Se défendre
Le premier obstacle pour se défendre est de trouver un lieu d’écoute et d’accompagnement . Le second obstacle reste la compréhension des mécanismes de la justice et le coût final d’un procès. A quelle juridiction s’adresser et comment la saisir ?
En fonction de la nature du litige le demandeur doit saisir le tribunal à la fois territorialement et matériellement compétent. La compétence territoriale est généralement liée au domicile de la partie défenderesse, mais peut être également liée soit au lieu où s’est réalisée la situation conflictuelle, soit dans certaines matières être arrêtée au choix du demandeur entre le lieu de résidence du défendeur ou de lui même.
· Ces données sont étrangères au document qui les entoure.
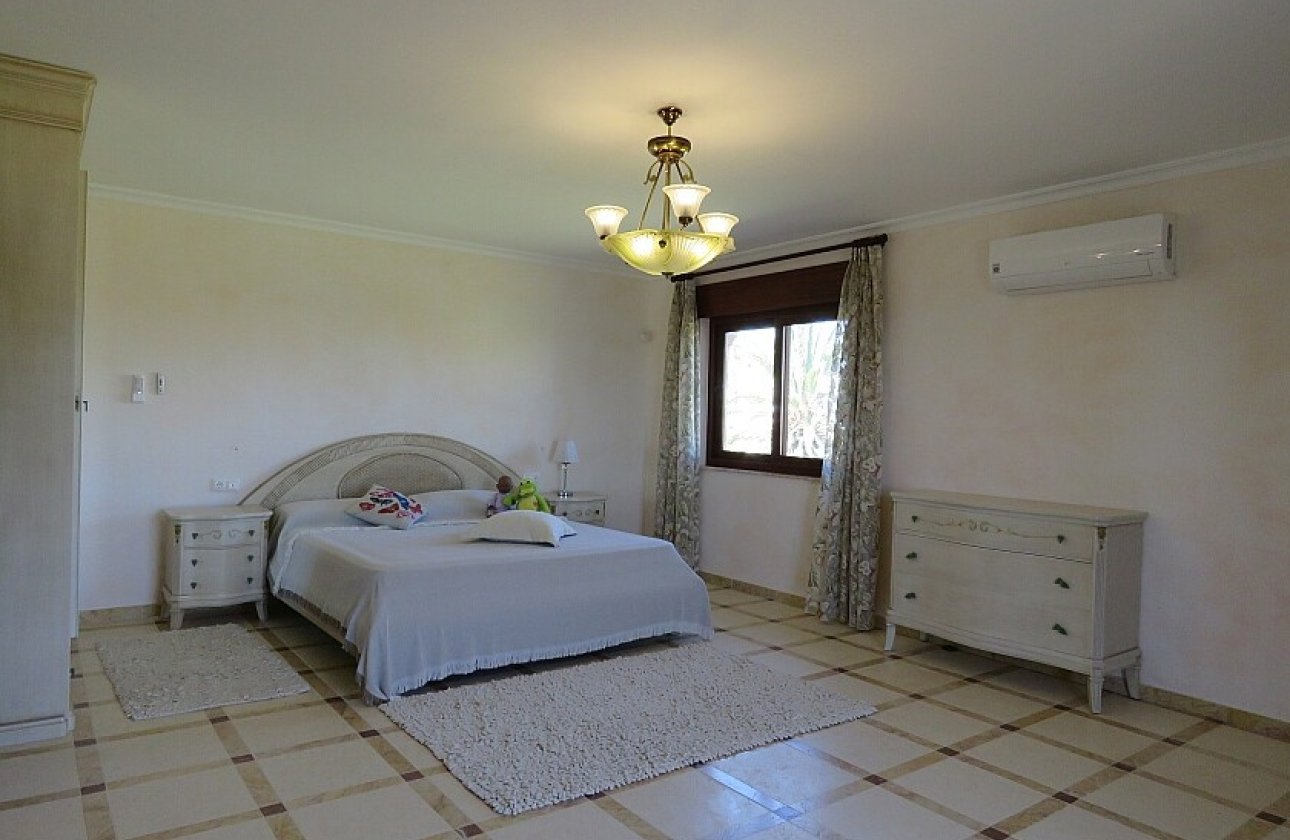Resale - Villa - Orihuela Costa - Cabo Roig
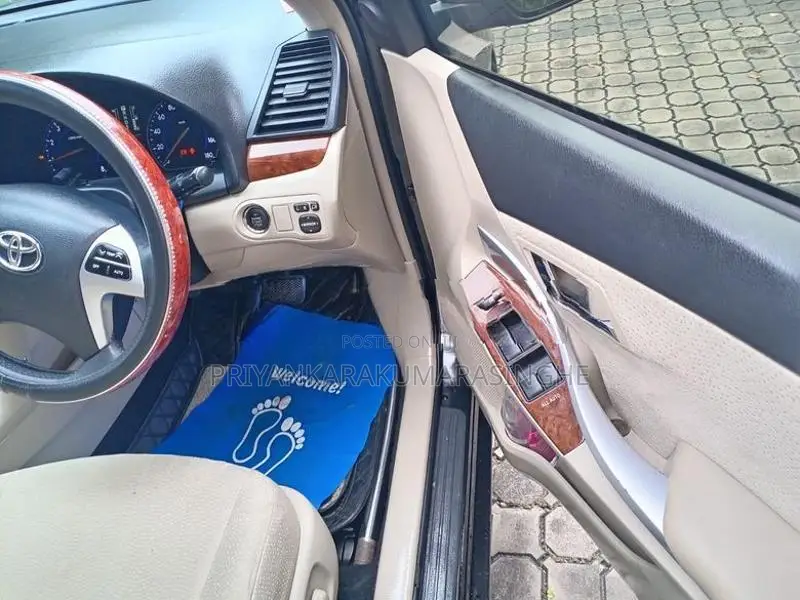 Toyota Premio 2013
Un litige civil (divorce, pension alimentaire, garde d’enfant), relèvera de la compétence d’un tribunal civil qui pourra être sous reserve d’un troisième type la compétence d’attribution, le Tribunal d’Instance ou le Tribunal de Grande Instance.
Que faire si son enfant est embrigadé ?
Ne pas le juger, le condamner trop hâtivement pour ses choix ou son engagement.Toujours lui rappeler qu’on respecte sa liberté d’opinion même si on en souffre, évidemment.
Rester lucide face aux nombreuses sollicitations dont vous ne manquerez pas d’être l’objet, si votre enfant revient vers vous à l’instigation de son groupe, en agent prosélyte de sa communauté d’adoption.
Se protéger de ses demandes répétées d’argent, des chantages affectifs et autres tentatives de séduction qu’il déploiera pour vous ramener à ses thèses.
Ecouter ses arguments puis rappeler sans animosité vos divergences de vue en laissant toujours une porte ouverte au dialogue, en évitant de tourner en dérision ses prises de position même si elles paraissent totalement délirantes.
S’il se montre vindicatif face à d’éventuels refus de le subventionner, on peut essayer de contourner ses exigences en lui montrant l’affection qu’on lui porte d’une autre manière : par exemple en lui offrant de petits présents personnels dont son groupe sectaire n’aura aucun usage.
Ne pas le braquer. Le braquer ou lui poser des ultimatums ne ferait sans doute qu’empirer les choses.
Même armé des meilleures intentions du monde, on risque alors de renforcer chez l’adepte une paranoïa déjà largement entretenue par la secte.
Garder le contact. Si un enfant devenu majeur quitte le foyer pour vivre au sein de sa communauté, il faut absolument trouver un moyen de garder contact avec lui, même s’il ne s’agit que d’échanger des banalités, de faire « comme si » tout allait bien…
Le but est d’éviter de le laisser se marginaliser, se mettre en rupture totale de famille et de son passé.
On doit constamment tenter de le ramener à soi par de petites astuces, des invitations ou des nouvelles de ses anciens amis, des vœux ou des messages chaleureux à l’occasion des fêtes et des anniversaires ; en bref, multiplier les occasions et les prétextes pour rétablir le lien, en veillant toutefois, à ne jamais le lui imposer par la contrainte.
S’il est déjà pris dans un système très coercitif, il est fort probable que les membres de son groupe contrôlent, voire détournent sa correspondance. C’est pourquoi, lui adresser des lettres de reproches ou des missives larmoyantes serait totalement contre-productif.
Maintenir une « fenêtre » ouverte sur le passé.
Dans les cas les plus graves, on ignore où il se trouve et l’on a alors plus aucun moyen de le forcer à revenir.
Au cours de cette période particulièrement délicate à gérer sur le plan personnel, on peut tromper son angoisse en enquêtant discrètement (auprès de ses dernières relations, sur son lieu de travail, à sa banque…) pour essayer de le localiser au plus vite.
Dès que l’on connaît son adresse, lui adresser un petit mot sans aucun reproche ni signe manifeste d’inquiétude, constituera déjà un premier pas. Autant de moyens de lui signifier d’une manière ou d’une autre qu’il est aimé et qu’on pense à lui. En maintenant ouverte cette « fenêtre » sur son passé, on donne paradoxalement à l’adepte une vraie perspective.